This study explores how firms that rely on co-located, interdisciplinary project teams develop and sustain disciplinary expertise. It identifies different types of organizational solutions used by project-based firms, and describes how such enterprises sustain and develop disciplinary expertise in the long run.

img   THE PROBLEM

“This challenge, which has been identified in both research and practice, centers on the organization's attempts to develop, elaborate and sustain disciplinary expertise within a firm's core knowledge domains over time.”

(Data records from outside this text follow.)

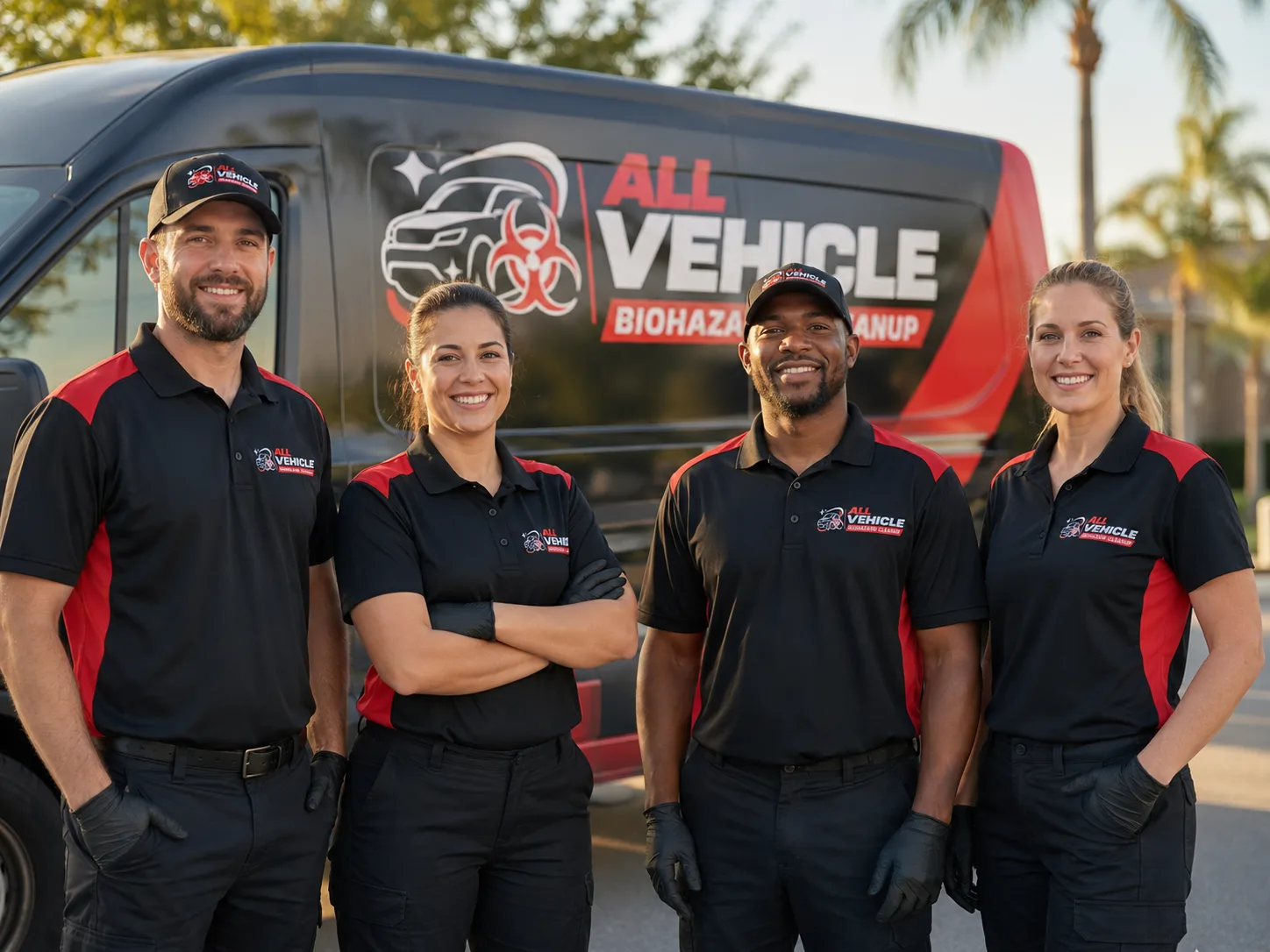 Vehicle Biohazard Cleanup company in Canton, OK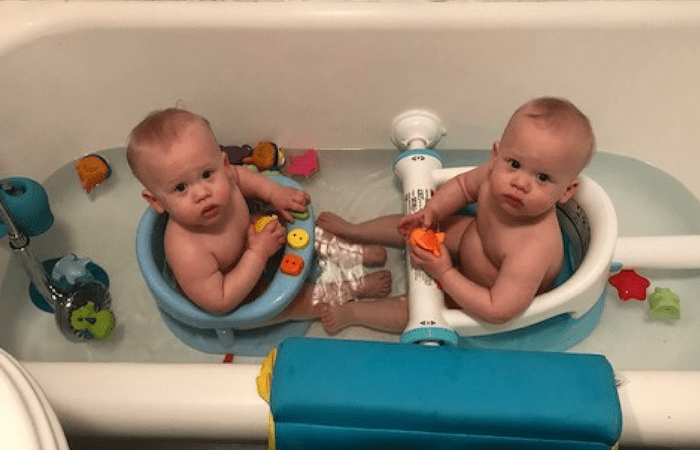 baby bath and seat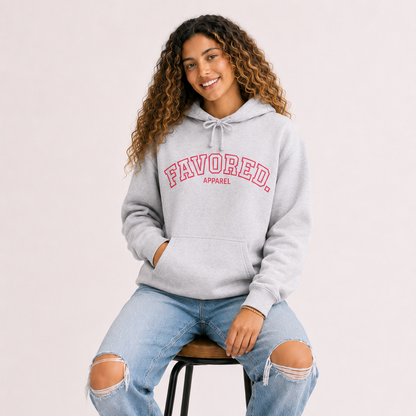 FAVORED. Gym Hoodie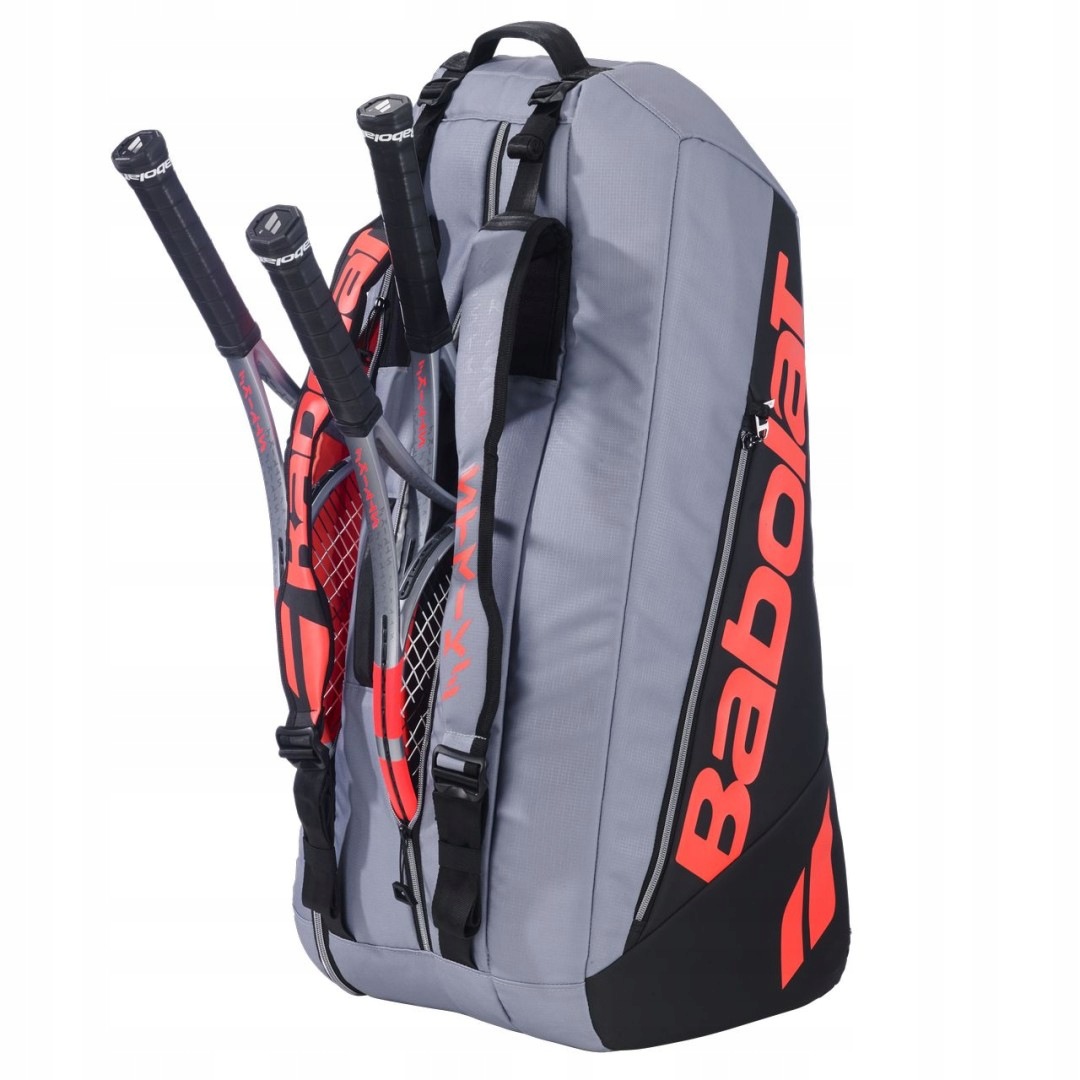 Torba tenisowa na rakiety Babolat Pure Strike Carbon Grey X6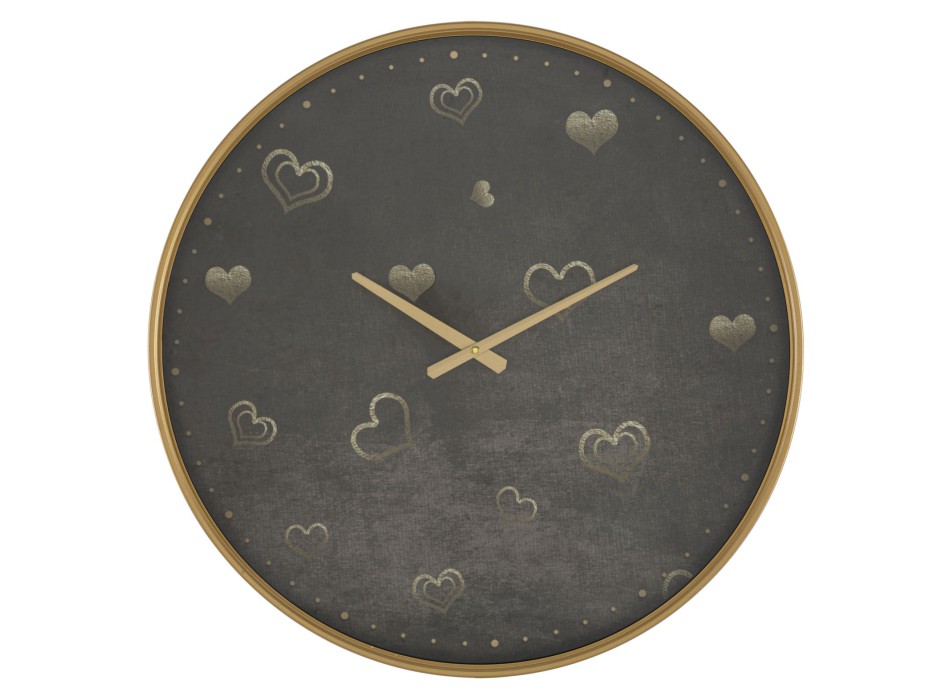 OROLOGIO DA MURO HEARTS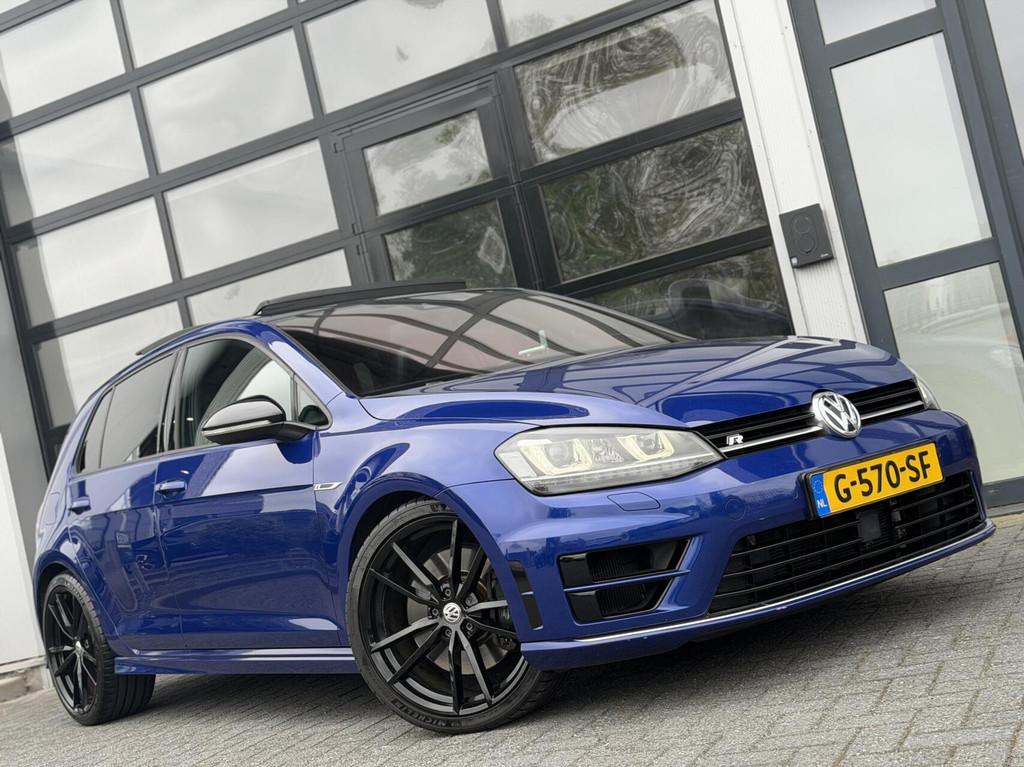 Volkswagen Golf 2.0 TSI R 4Motion JD 400PK+ PANO / ACC / DCC, Automaat, Gebruikt, Euro 6, 4 cilinders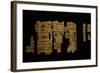 Papyrus Telling Story of Pharaoh Thutmose III, Ramesside Period-null-Framed Giclee Print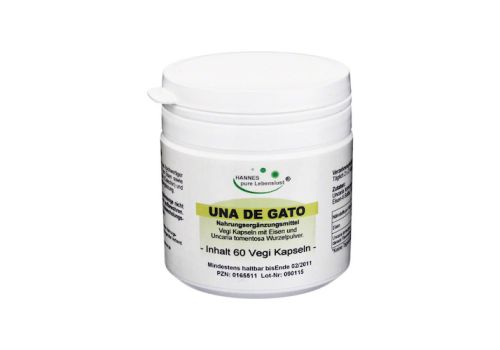 UNA DE GATO Kapseln – PZN 00165511 (PZN 00165511)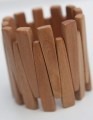 Houten armband reep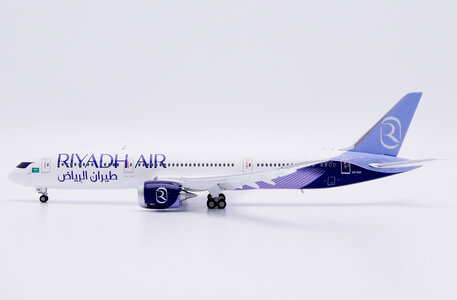 Riyadh Air Boeing 787-9 (JC Wings 1:400)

R&D firms rely extensively on interdisciplinary project teams. A chief reason, among others, is that such organizations require integrated, combined knowledge from various domains to maintain the pace of innovation.

Although such types of organizing are considered to be superior when it comes to integrating knowledge in an effective way, they do not come without disadvantages. A major challenge for such firms is handling the tension that accrues from the different characteristics and needs of the product- or output-oriented temporary organization (i.e. the project) versus the permanent organization. One challenge, in particular, is finding ways to develop and sustain the required disciplinary expertise throughout the life of the project and beyond. This challenge, which has been identified in both research and practice, centers on the organization's attempts to develop, elaborate and thereby sustain disciplinary expertise within a firm's core knowledge domains over time.

img   THE STUDY

This research is undertaken in three project-based firms involved in advanced product development, integrating knowledge from different engineering areas to solve complex problems. Three case studies were conducted that included extended interviews with managers, image-processing specialists and other domain experts in the three companies specializing in software, sensor systems and medical IT engineering, respectively.

img   FINDINGS AND PRACTICAL IMPLICATIONS

“The most prominent structural solution is the establishment of expert units. These units include disciplinary experts who are supposed to focus more on a particular disciplinary knowledge domain and less on interdisciplinary teamwork.”

The three case studies show the relevance of developing and sustaining disciplinary expertise, a topic that engages general managers, project managers and individual team members.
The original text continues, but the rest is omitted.